Die Bewahrung der Schätze salesianischer Spiritualität
Höhepunkt der Feierlichkeiten bildete der Festgottesdienst am Gründungstag in der Basilika der Heimsuchung, der vom französischen Fernsehen live übertragen wurde. In der Basilika befinden sich die Reliquienschreine der beiden Gründer sowie die sterblichen Überreste von Marie-Jacqueline Favre und Jeanne-Charlotte de Brechard, die zu diesem Anlass im Altarraum der Basilika aufgestellt waren.
Die Festmesse, an der neben den Heimsuchungsschwestern auch zahlreiche Vertreter anderer Ordensgemeinschaften der salesianischen Familie (Oblaten des hl. Franz von Sales, Missionare des hl. Franz von Sales, Salesianer Don Boscos, Töchter, Söhne und Priester der Gemeinschaft des hl. Franz von Sales) sowie Freunde der Heimsuchung aus Annecy teilnahmen, wurde vom Bischof der Diözese Annecy, Yves Boivineau, geleitet. Ihm zur Seite stand der Bischof der Diözese Valance, Jean-Christophe Lagleize, ein Mitglied der Gemeinschaft des hl. Franz von Sales und großer Förderer der salesianischen Spiritualität, sowie der Generaloberer der Oblaten des hl. Franz von Sales, P. Aldino Kiesel OSFS, der Provinzial der Missionare des hl.
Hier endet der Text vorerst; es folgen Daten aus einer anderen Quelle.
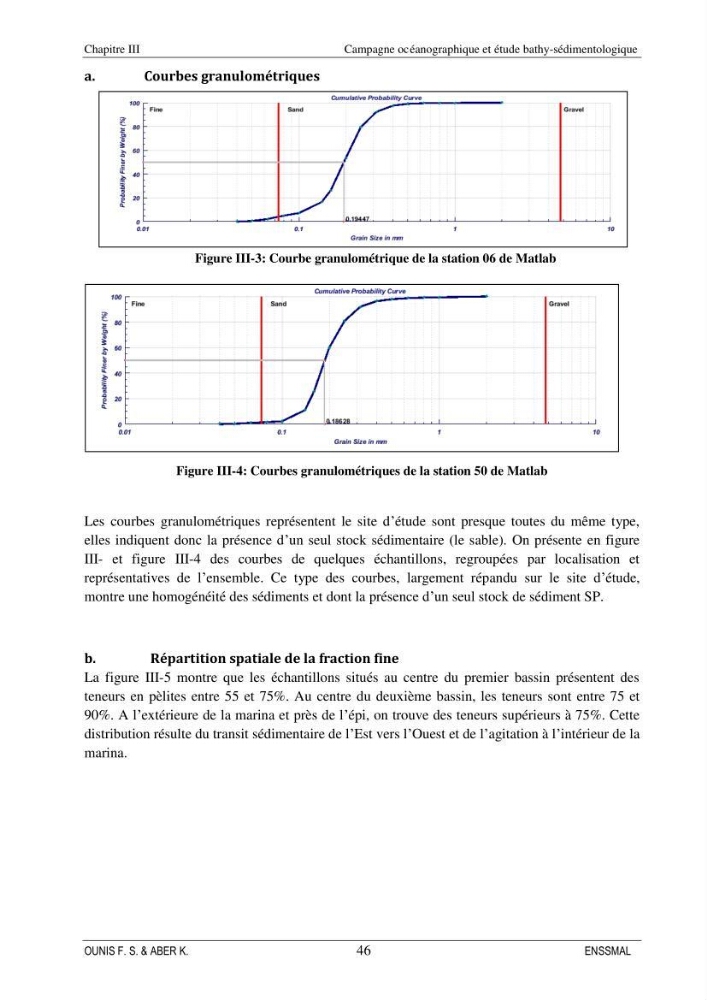 Etude d\'aménagement d\'une Marina au niveau de la ville d\'Alger (exemple de la Marina baie d\'Alger):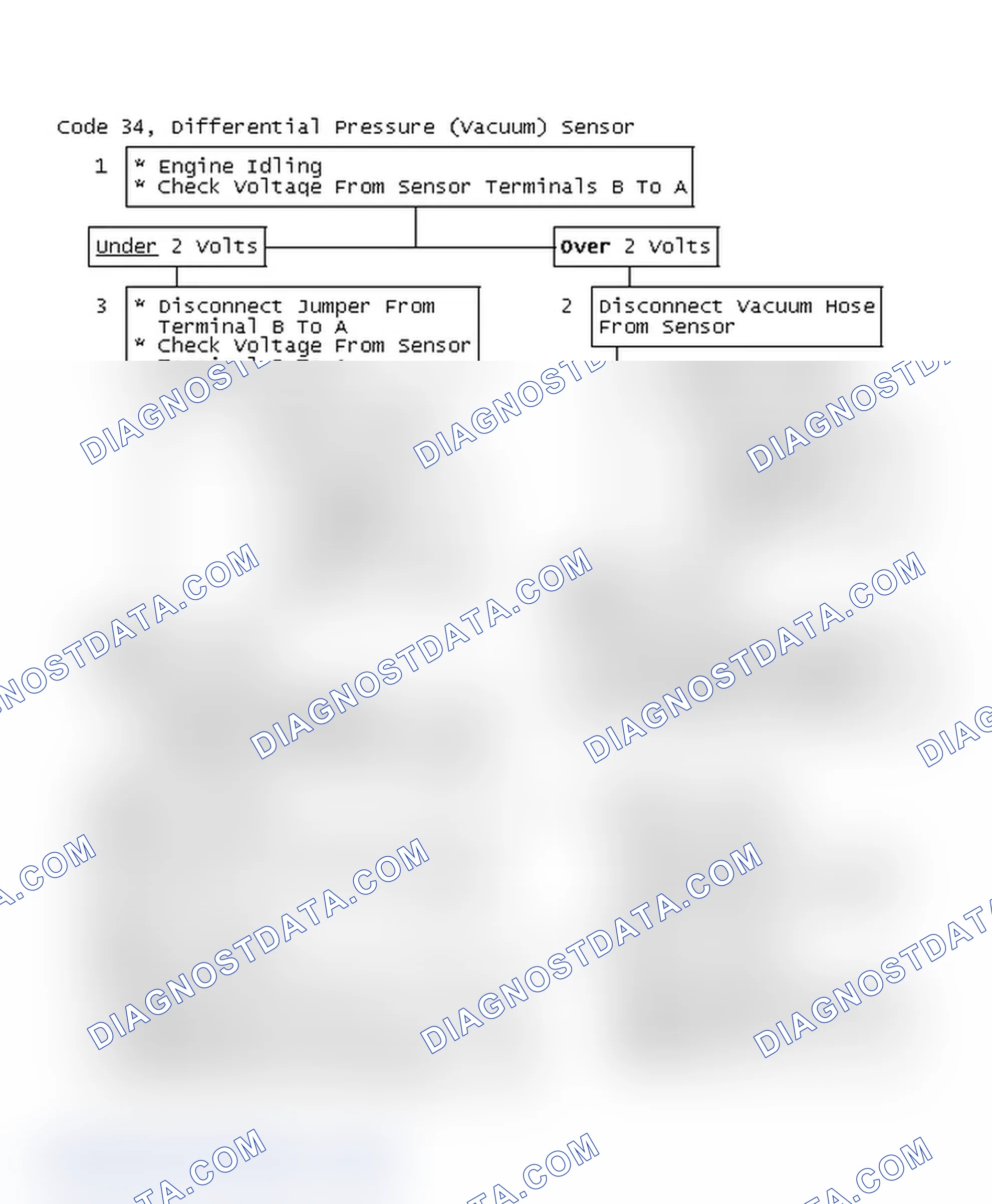Scheme 136: Code 34, Differential Pressure (Vacuum) Sensor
Franz von Sales in Frankreich, P. Jean-Paul Fournier MSFS, und der Generalassistent der Heimsuchungsschwestern, der Don Bosco Salesianer P. Valentin Viguera SDB. Die musikalische Gestaltung übernahm ein "gemischter" Chor aus Heimsuchungsschwestern aus verschiedenen Klöstern aus Frankreich und der Schweiz.
Schon in seiner Begrüßung machte Bischof Boivineau deutlich, welche Freude es für die Stadt Annecy und die ganze Welt ist, dieses Jubiläum zu feiern. Dem Orden der Heimsuchung ist es zu verdanken, dass das Werk und die Spiritualität des heiligen Franz von Sales heute in der ganzen Welt verbreitet ist und vielen Menschen hilft, ihr Christsein in der Welt zu leben. Rund 200 Jahre lang haben die Schwestern die Schätze dieser Spiritualität als einzige salesianische Ordensgemeinschaft aufbewahrt und vor allem in den schweren Jahren der Französischen Revolution (1789-1799) vor der Zerstörung gerettet, ehe im 19. Jahrhundert durch einen neuen salesianischen Frühling auch andere salesianische Gemeinschaften gegründert wurden und begonnen haben, den Geist des hl. Franz von Sales zu verbreiten.
Eucharistie: Gottesliebe wird zur Nächstenliebe
In seiner Predigt konzentrierte sich der Bischof auf das salesianische Eucharistieverständnis. Da Fronleichnam in Frankreich kein Feiertag ist, wird das Hochfest des Leibes und Blutes Christi am Sonntag danach gefeiert. Bischof Boivineau erinnerte daran, dass für Franz von Sales die Eucharistie die „Sonne der geistlichen Übungen“ war, das „Zentrum der christlichen Religion“. Ähnlich sah es auch die heilige Johanna Franziska von Chantal, die von Jugend an die Gegenwart Christi in der Eucharistie verteidigte und verehrte. Und in den Klöstern der Heimsuchung genießt die eucharistische Anbetung von Anfang einen zentralen Stellenwert, was durch die von der heiligen Heimsuchungsschwester Margareta Maria Alacoque (1647-1690) angestoßene Herz Jesu Verehrung noch einmal unterstrichen wurde. In der salesianischen Spiritualität und damit auch in der Lebensweise des Heimsuchungsordens wird allerdings ebenso deutlich, dass die Anbetung der Gegenwart Gottes in der Eucharistie durch die gelebte Nächstenliebe auf die ganze Welt ausstrahlen soll. Gottesliebe und Nächstenliebe sind nicht zwei verschiedene Grundhaltungen, sondern gehören untrennbar zusammen. Gottesliebe muss sich wesentlich in der Nächstenliebe verwirklichen, damit die Menschen spüren, dass Gott mitten unter uns gegenwärtig ist.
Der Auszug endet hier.